[THE DATA]

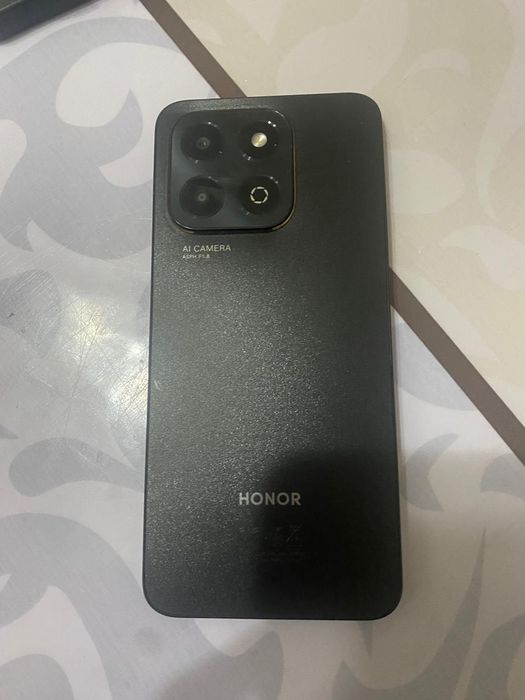 XONOR Х6b 120.000тг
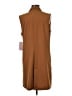 Assorted Brands Brown Vest Size M - photo 2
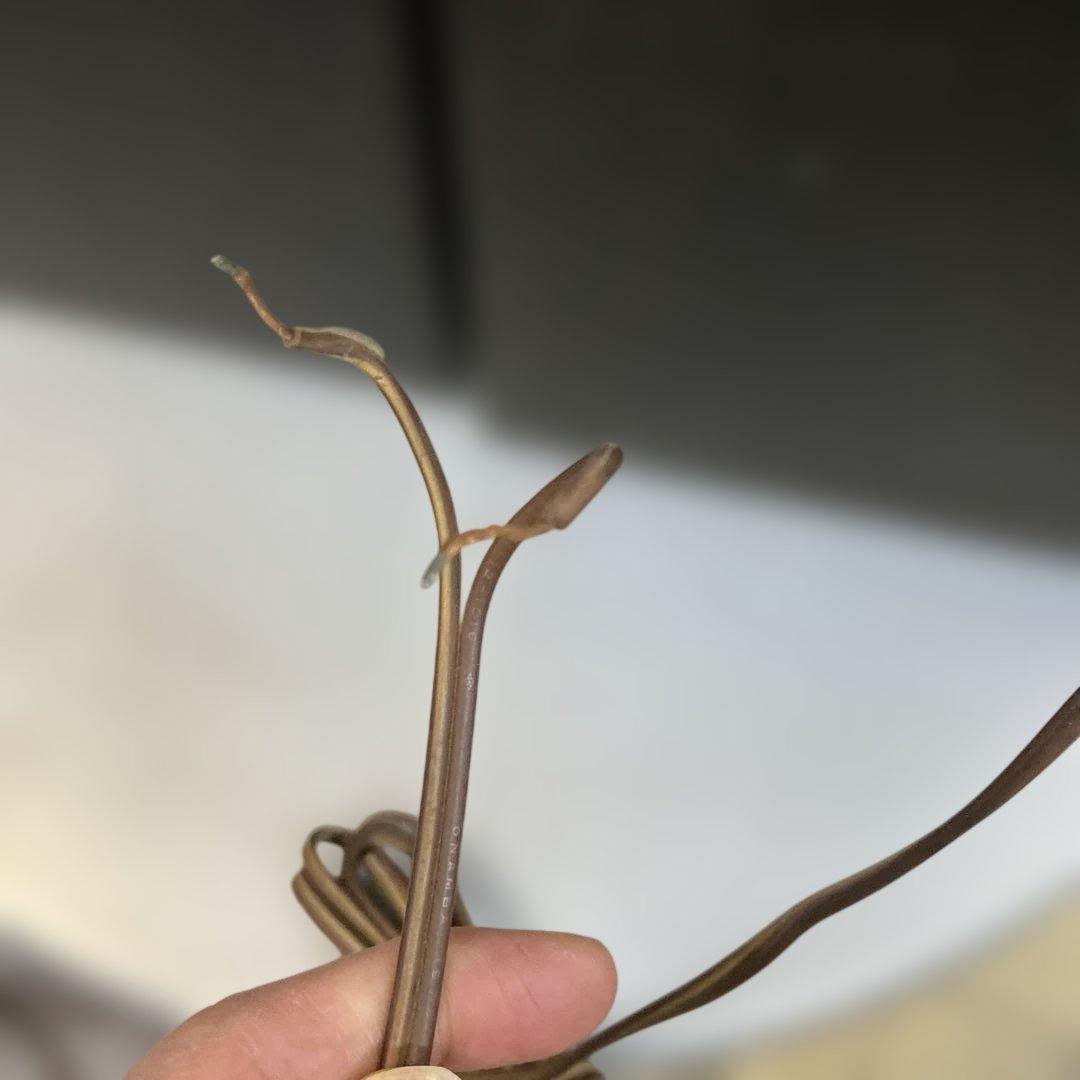 三*太様 YAMAHA　ヤマハ NS-100M 3WAY スピーカーペア シリア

[WHAT THE EXERCISE ASKS]
Print the material exactly as given, but not the pictures.

[WRITTEN RESPONSE]
 XONOR Х6b 120.000тг
 Assorted Brands Brown Vest Size M - photo 2
 三*太様 YAMAHA　ヤマハ NS-100M 3WAY スピーカーペア シリア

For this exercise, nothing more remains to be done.